- Available records
──────────
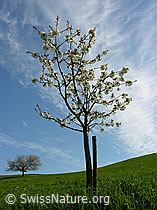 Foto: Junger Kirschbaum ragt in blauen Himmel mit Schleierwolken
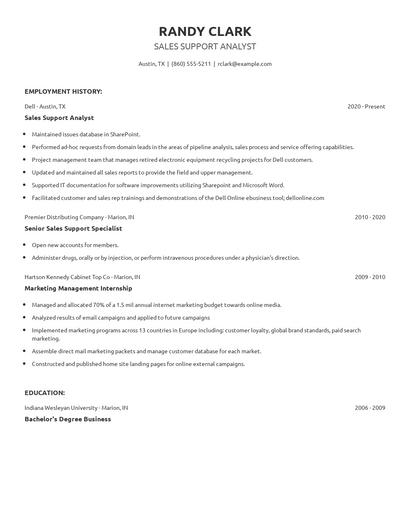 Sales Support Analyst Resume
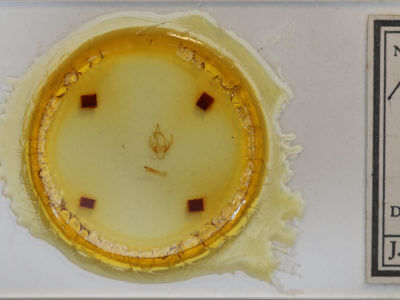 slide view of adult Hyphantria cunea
──────────
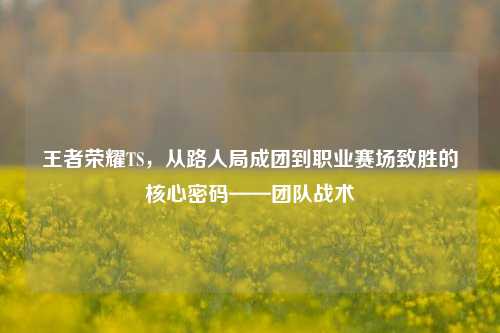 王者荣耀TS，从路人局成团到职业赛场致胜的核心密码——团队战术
──────────
- Try it
Above are some records; quote exactly and only the lines that begin at the line containing "Foto: Junger Kirschbaum" and stop after the line containing "slide view of adult Hyphantria cunea", leaving out the pictures.

- Output below
 Foto: Junger Kirschbaum ragt in blauen Himmel mit Schleierwolken
 Sales Support Analyst Resume
 slide view of adult Hyphantria cunea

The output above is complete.